The Measurement Problem

Nature-based restoration in the UK is still young. As a result, there is not a vast amount of ground-truth local project data. For context, as of January 2025, there has only been one peatland project that has reached year-5 verification under the Peatland Code (PC). For the Woodland Carbon Code (WCC) this number stands at around 182 projects; however, even this data is often gated because of privacy concerns.

Moreover, where data is collected, it comes in many shapes and forms. Some projects are shifting to high-resolution drone outputs and investing in LiDAR or photogrammetry-based digital elevation models, while others are still processing 12.5 cm RGB tiles from aerial flights.

This creates a fundamental tension. The carbon market needs measurement that is accurate, auditable, and scalable. But the data landscape is fragmented, labelled examples are scarce, and the diversity of inputs means any AI system that only works on one sensor or one resolution will break the moment it meets a new site.

This reality shapes everything about how we build and ship geospatial AI at New Gradient and Calterra. In this post we walk through the full pipeline: from how we train models that can learn from very little labelled data, to how we turn that general capability into specific, interpretable measurements of individual trees that underpin credible carbon estimates.

What We Need From a Model

First, we need a model that can learn a general understanding of the underlying data distribution from a small number of samples. In other words, learning on tree-count labels from restored Juniper in England should be sufficient for the model to transfer to Caledonian Pine in Scotland. Second, the AI models must retain performance across diverse source data.

Our answer: Geospatial Foundation Modelling.

We use a mix of open-source and in-house trained foundation models (FMs) that power task-specific learners. This lets us quickly bootstrap to many downstream applications and generalise performance even with small datasets. The backbone is also a multisource, multiresolution learner, allowing us to handle the various inputs currently used in practice.
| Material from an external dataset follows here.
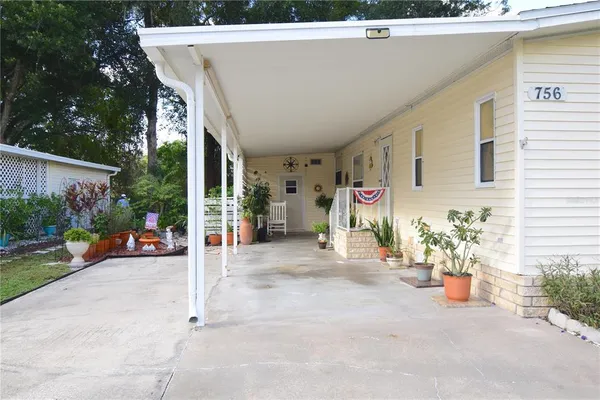 a view of a patio with table and chairs potted plants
Multiple studies show that models that first learn from large pools of unlabeled imagery and only then see a small set of audited examples reach the same, or better, accuracy with far fewer labels than training from scratch. For example, one widely cited study showed that with ~1% of labels, a pretrained model could match or surpass a baseline trained with 100% of labels on a standard land-cover benchmark. For compliance-grade geospatial work, that label-efficiency is decisive.

Building the Foundation

Data and Normalisation

Sources: UK-wide RGB and depth (DSM/DTM) imagery from drone, aerial, and satellite.
Geometry: Unify CRS, verify alignment, correct residual ortho issues.
Depth cleanup: DSM detrending to emphasise local relief; distribution transforms for outlier handling and alignment with RGB data.
Tiling & indexing: Window scenes into training tiles; retain metadata.
Augmentations: Flips/rotations, careful to preserve ecology-relevant cues.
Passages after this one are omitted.